I’ve been going through some work, and found the piece that I’m putting up here. It’s made of two thick pieces of flat copper, with shapes cut out from the top piece. The two pieces are then soldered together and treated as one. The process is called champlevee, French for fields and maybe raised areas. I’m not sure. I added tiny pieces of fine silver foil to make the blues stand out. There are a few pieces of gold: the dots in the background and the tiny diamond/squares in the foreground. The pieces measures about 4” wide by 2” high. I hope you like it.
October and November flew by, with the Under Fire 2 show in Worcester, MA, Thanksgiving and Christmas in one fell swoop! Artists and friends and family made a caravan to Worcester, MA, for the opening of the Under Fire 2 Exhibit; what a good time! What good friends and family!
Since our return, I've been teaching in my studio, working, getting ready for the Foothills show, which was really fun.

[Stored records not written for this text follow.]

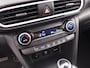 Hyundai Kona 1.6 GDI HEV Fashion KEYLESS / CAMERA / CARPLAY / HUD / ACC / NAVI / CLIMA / PDC / BLUETOOTH / NL-AUTO
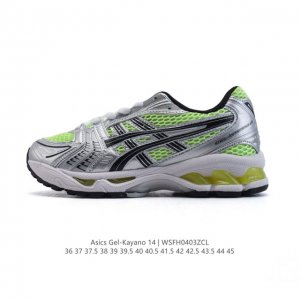 Asics Gel-Kayano 14 3D Gel Ff Blast Plus , : 1201A019-108 36-45 Wsfh0403Zcl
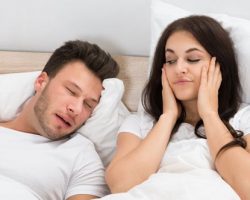 snoring_sleep_apnea_solutions_1 Alma, MI Dentist | Mid-Michigan Dental Excellence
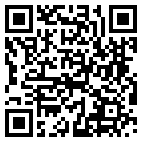 QR Code for Robert Simon Od in Murfreesboro, TN 37129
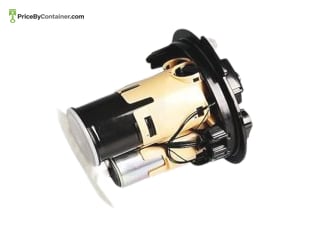 AUTOSTAR 2224700094 — Autostar Electric Fuel Pump Assembly For Mercedes-Benz 2224700094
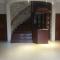 LA CASONA Hotel Boutique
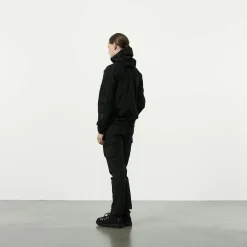 Women's Snæfell Neoshell Jacket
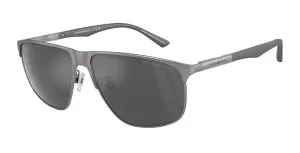 Emporio Armani EA2094 30036G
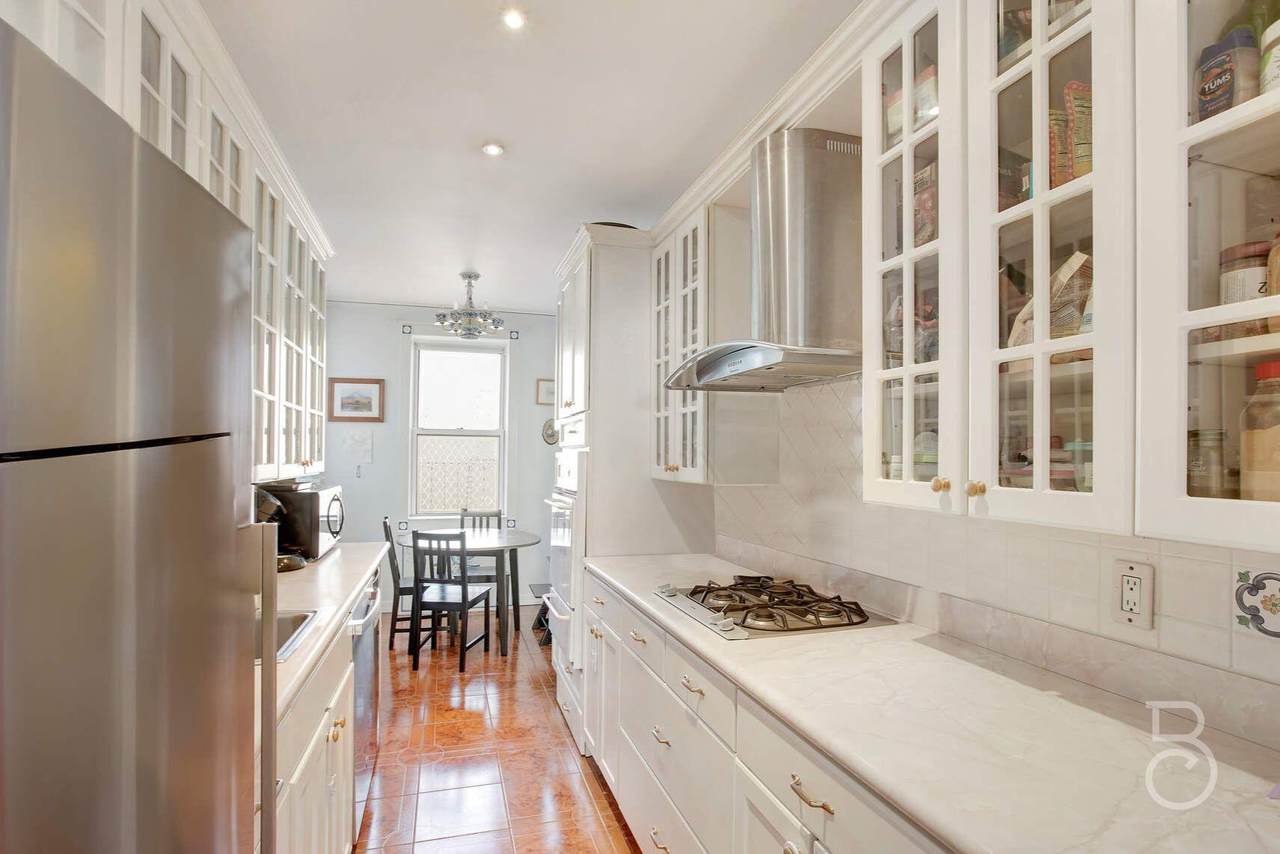 118-11 84th Avenue - Photo 1
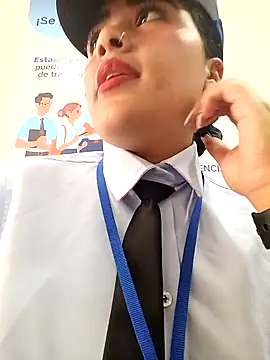 MAYE__13's cam snapshot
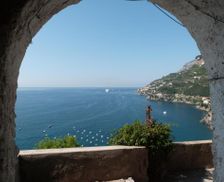 Italy Campania Minori vacation rental compare prices direct by owner 16099585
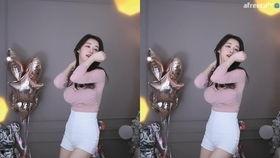 主播跳舞视频,主播热舞视频惊艳亮相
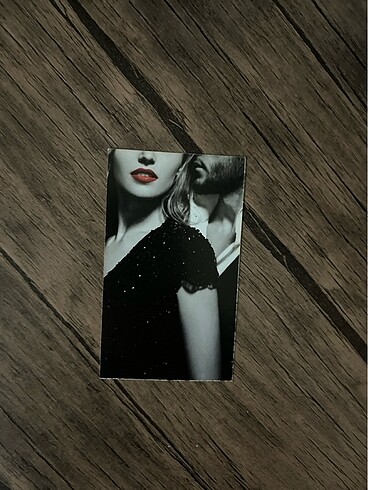 atespare 1 ciltli ayracli - Görsel 6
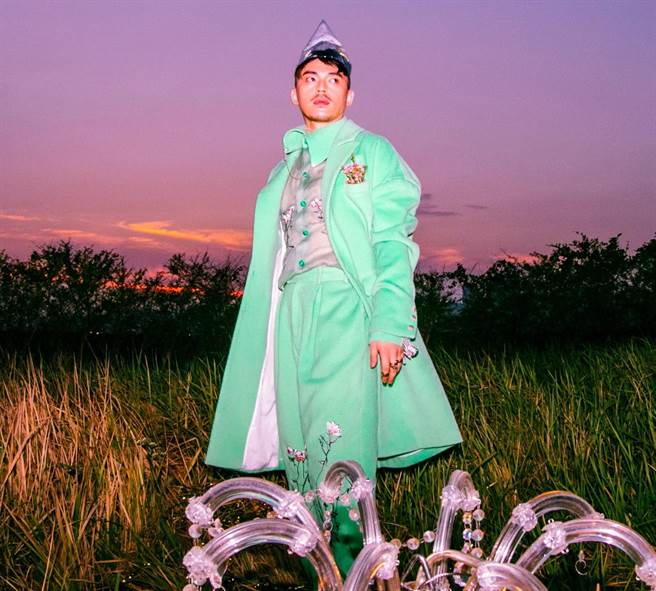 百分比。(图／时报出版提供)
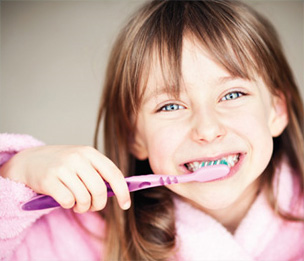 Children’s Fun Day at Inspire dental southend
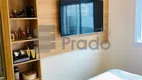 Foto 9 de Apartamento com 2 Quartos à venda, 78m² em Santana, São Paulo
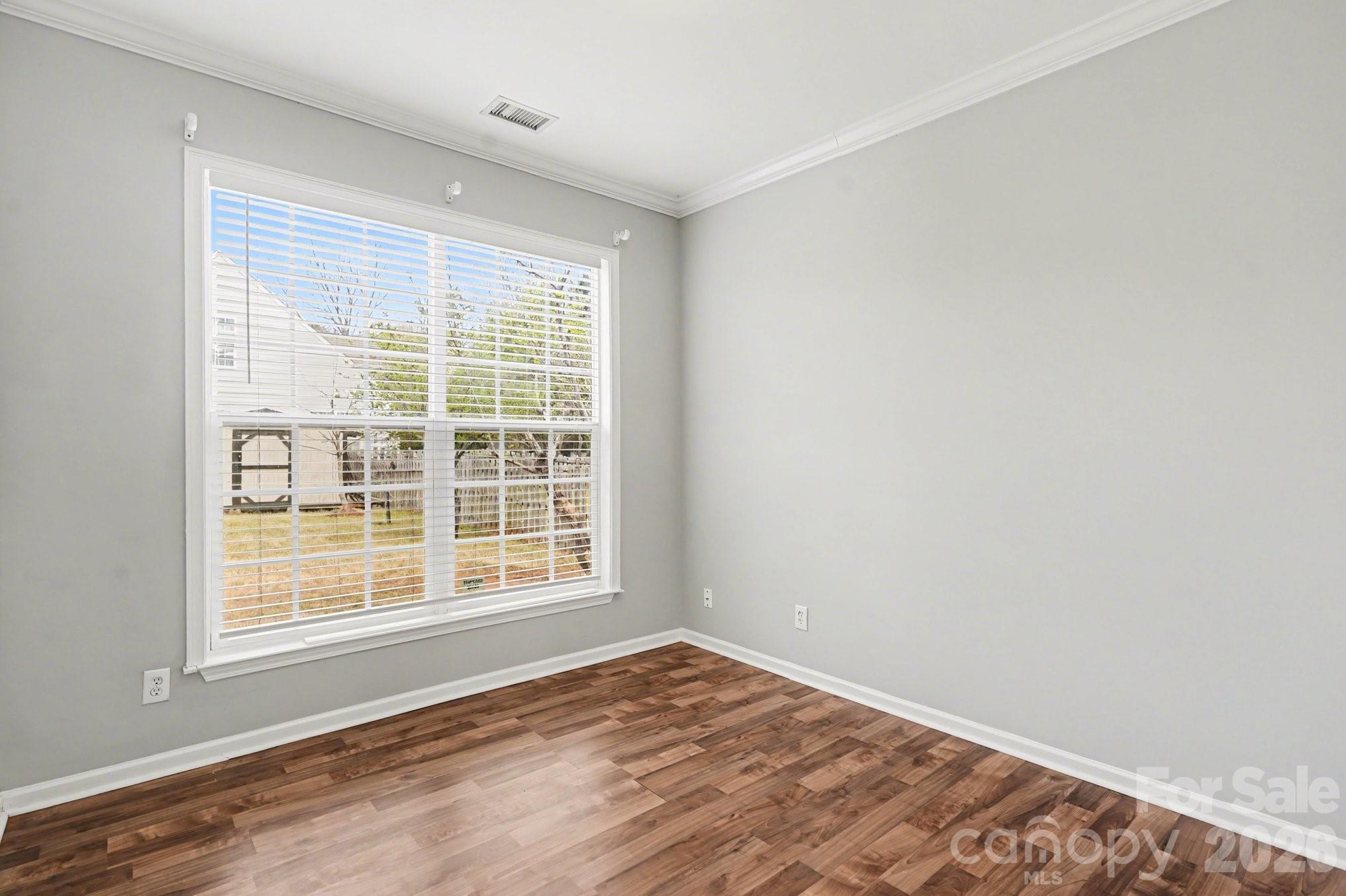 Blakeney Heath - Residential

Lots of people made the Studio Tour, and my inventory is down, as a result. Since then, I've made more work, which is in the Village Artisans Gallery in Boiling Springs. The Silly Ring Collection has been fun to make and experiment with. I love enamels, and the bright, colorful pieces are nice to wear on dreary days. Here's a necklace, and the Silly Rings, that started the whole thing.
There’s not much to say about color, fire and social issues, all rolled into one! They speak for themselves. In this case, it’s my take on the children at the Border. This is Bus to Glory. As you can see, I started with a flat piece of metal, sifted enamels on it, then added fire. After the piece was fired, I folded it at the areas I left without enamel.
Lisa Gohr Harman and I have both been accepted into the Enamels Guild North East show, Under Fire 2, to be held at the Kirkorian Gallery in Worcester, MA. Because we agreed that if we both got in, we'd both go to the opening, so we're going, along with a bunch of other intrepid people! (Worcester is seven hours by car from here, and we're all driving!) Lisa is the only artist showing two pieces; everyone else has one piece each in the show. She deserves this recognition; I'm proud to have been her mentor for her Wilson College MFA studies. Also, she has a new website, http://lisaharmanart.com/. (Lisa's Pasta Bowl and Stitched Bowl are below; my Devil's Table is below them.)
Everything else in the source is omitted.